When is the best time of year to play the World Baseball Classic?

R.J. Anderson: I think we have to ask ourselves what do we mean by "best"? Do we mean best for quality of play, or for participation? If it's the latter -- and these conversations usually revolve around the latter, since it drives the former -- I think this might be the optimal time. If you hold it in season, or after the season, MLB players are going to opt out because they want to rest up for the playoffs, or they've had some time off during the playoffs and don't want to ramp up again during the early portion of the offseason. Besides, speaking as a viewer, I quite like having some fun, meaningful baseball during the dull days of spring training. 

Matt Snyder: The only time it makes sense is right where it is played. No one is going to want to play after the World Series because that's the offseason and players from non-playoff teams will have already been off for a month. Trying to cram the event into the middle of the season means players not taking part in the event just have two weeks off without meaningful at-bats, so that's out too. In spring training, the players play anyway and while they are ramping up for the season as opposed to playing in actual, meaningful games, they are still playing hard. Anyone who thinks there's somehow less injury risk in spring games than the WBC doesn't understand the game. The players are absolutely playing hard in the spring training games. There's zero evidence that there's extra injury risk. Gavin Lux suffered a serious knee injury in spring training just like Edwin Díaz did in the WBC. Jose Altuve broke his thumb after being hit by a pitch in the WBC, but Justin Turner and Austin Nola have both been hit in the face in spring training. There's risk everywhere. To interrupt the regular season or tack the event on at the end of the grind that is the regular season and playoffs would be throwing a bad solution at a problem that just isn't there. 

Mike Axisa: I think it's spring training.
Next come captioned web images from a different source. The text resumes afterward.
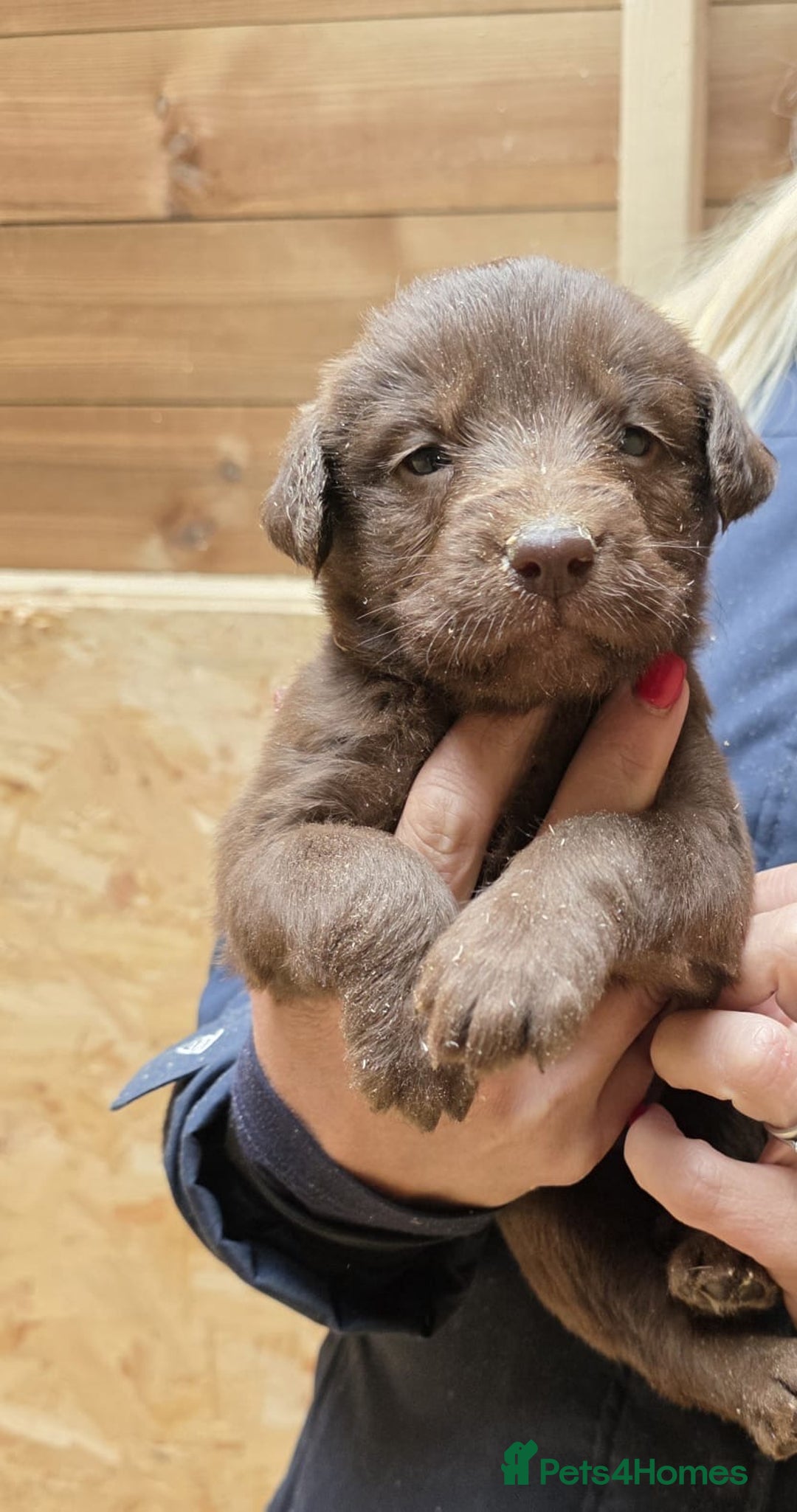 Labrador Retriever dogs for sale: Labrador Puppies black gold and chocolate  - Image 6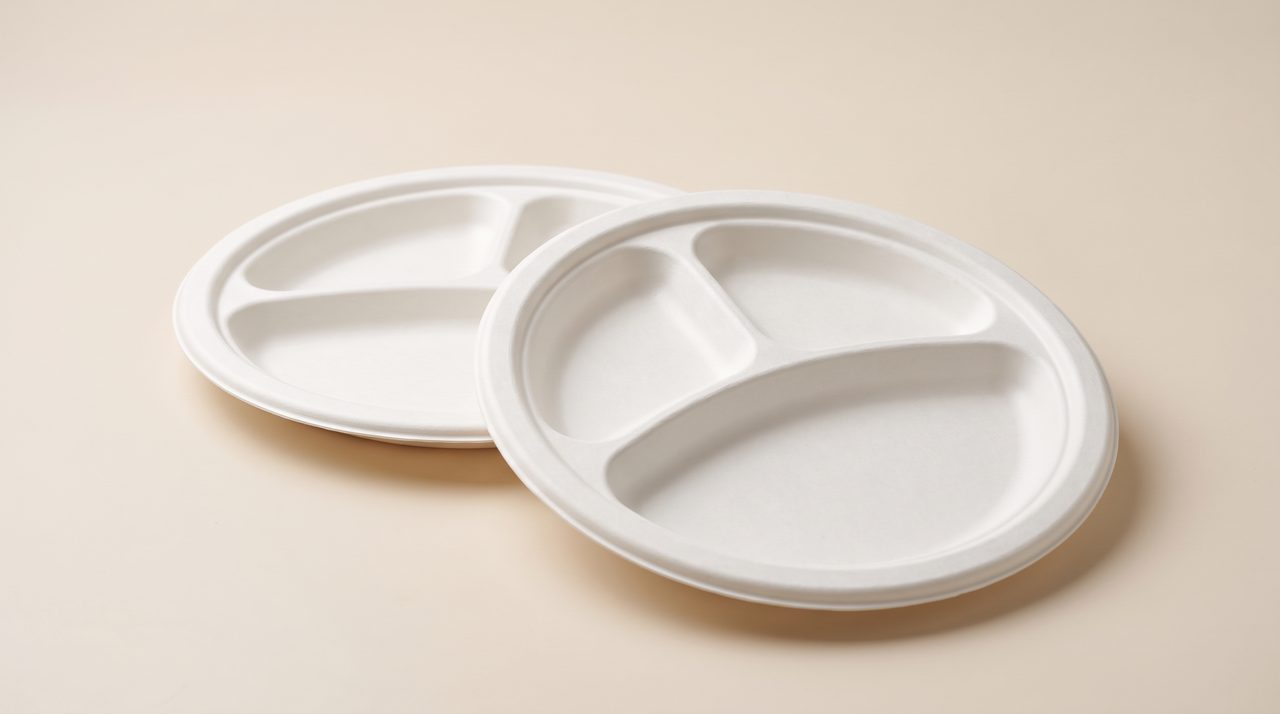 Bagasse 3-compartment plates for combo meal service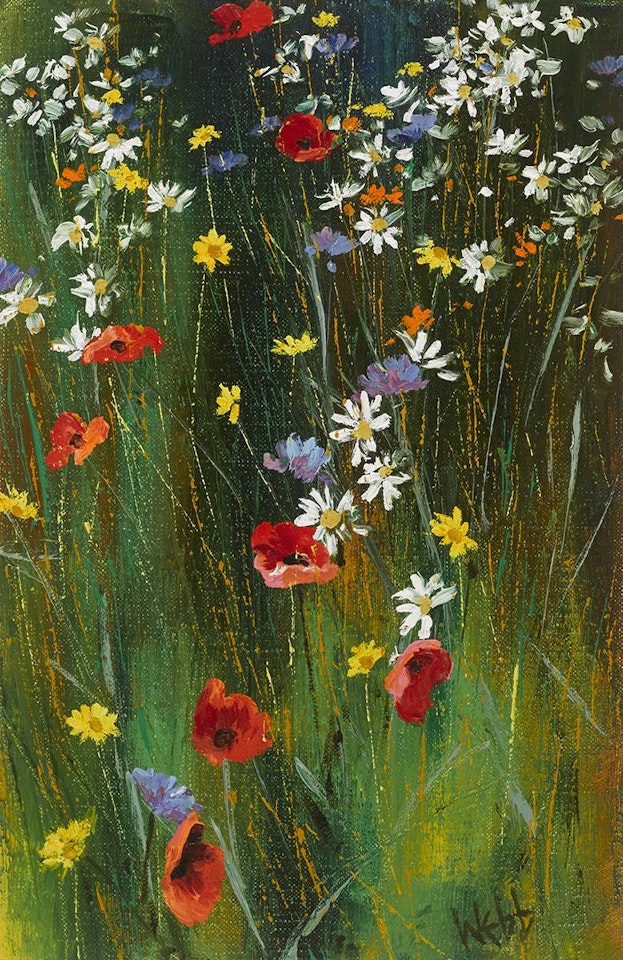 CONNEMARA GRASSES AND WILD FLOWERS by Kenneth Webb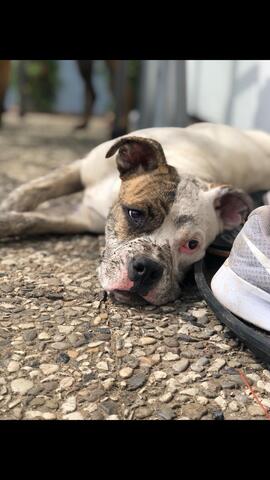 Liebevolle Boxer-Mix Hündin (5 Jahre) sucht neues Zuhause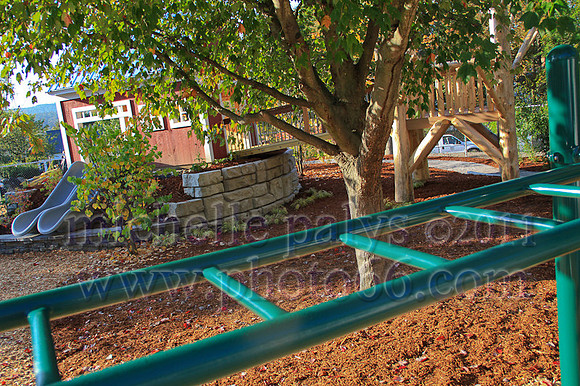 8988-Photo66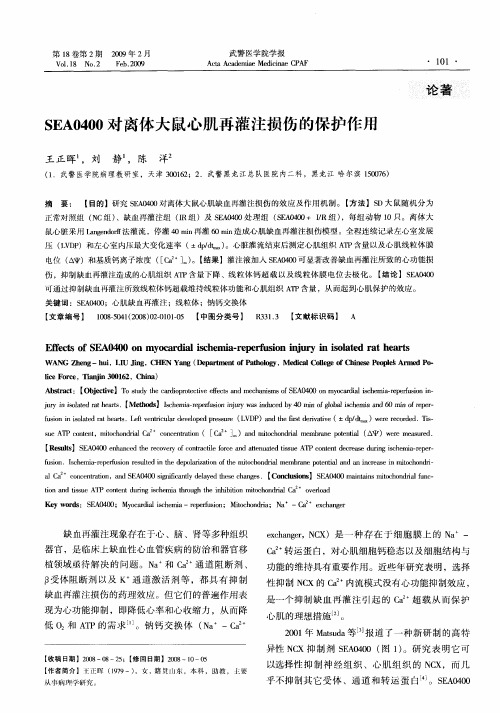 SEA0400对离体大鼠心肌再灌注损伤的保护作用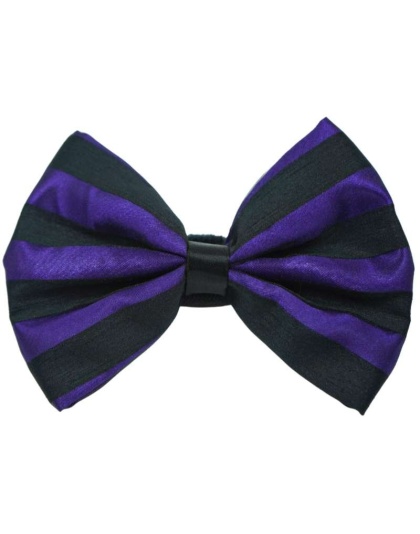 Purple - PR3006HS|Pets Ribbons - 3"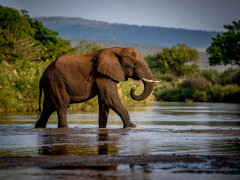 Elephant at Zimanga Private Game Reserve in South Africa.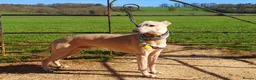 Whippet dogs for stud: Experienced Whippet for stud (KC reg) Dorset. 20" - Advert 1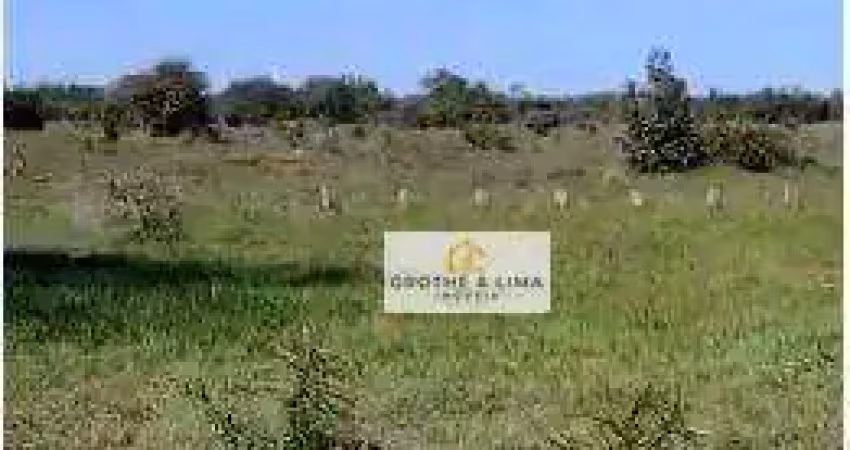 Fazenda para pecuária em cocalinho, mt - oportunidade única em um cenário rural espetacular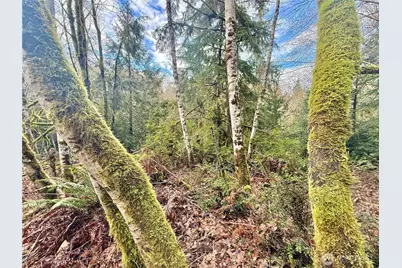 705 E Colonel Wright Road, Shelton, WA 98584 - Photo 34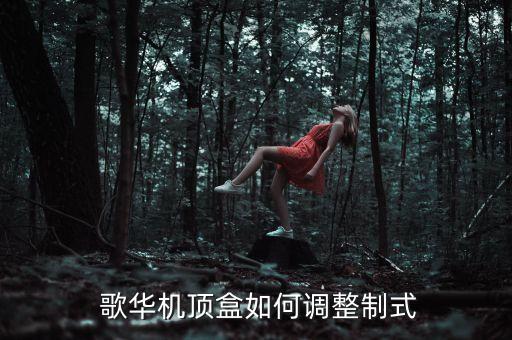  歌華機頂盒如何調(diào)整制式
You can't do it in November because the players will be out of gas after the long season. Halting the season for 10 or so days in June or July would only lead to more injury absences and more players sitting out as they inch closer to free agency or a midseason trade. There is no perfect time to do it and March is the best of several not-great options. There are rules in place to protect pitchers and the WBC doesn't disrupt any games that count. This was the fifth WBC and it went well all five times. Moving the WBC now would fall into the "solution in search of a problem" category for me. This works.

Dayn Perry: The only way I think you can plausibly move it off the current calendar is by doing it in-season, and that would involve altering the regular season schedule. Maybe in WBC years, the regular-season schedule reverts to the old 154-game slate. Getting free of local-broadcasting contracts and streaming games centrally, which seems like an increasing likelihood, would make this more realistic. Then you hit pause after the All-Star Game and play the WBC, maybe even going back to a 16-team field so that pool play can be shorter. Then once it's done, you begin the second half of the season. The shortened regular season schedule means that WBC participants aren't working more than they would during a non-WBC year. As well, expanded roster sizes would allow starting pitchers to work less, and increasing the players' share of WBC revenues – and distributing those revenues among WBC participants – might make it more likely that players take part. There's no great answer to this dilemma.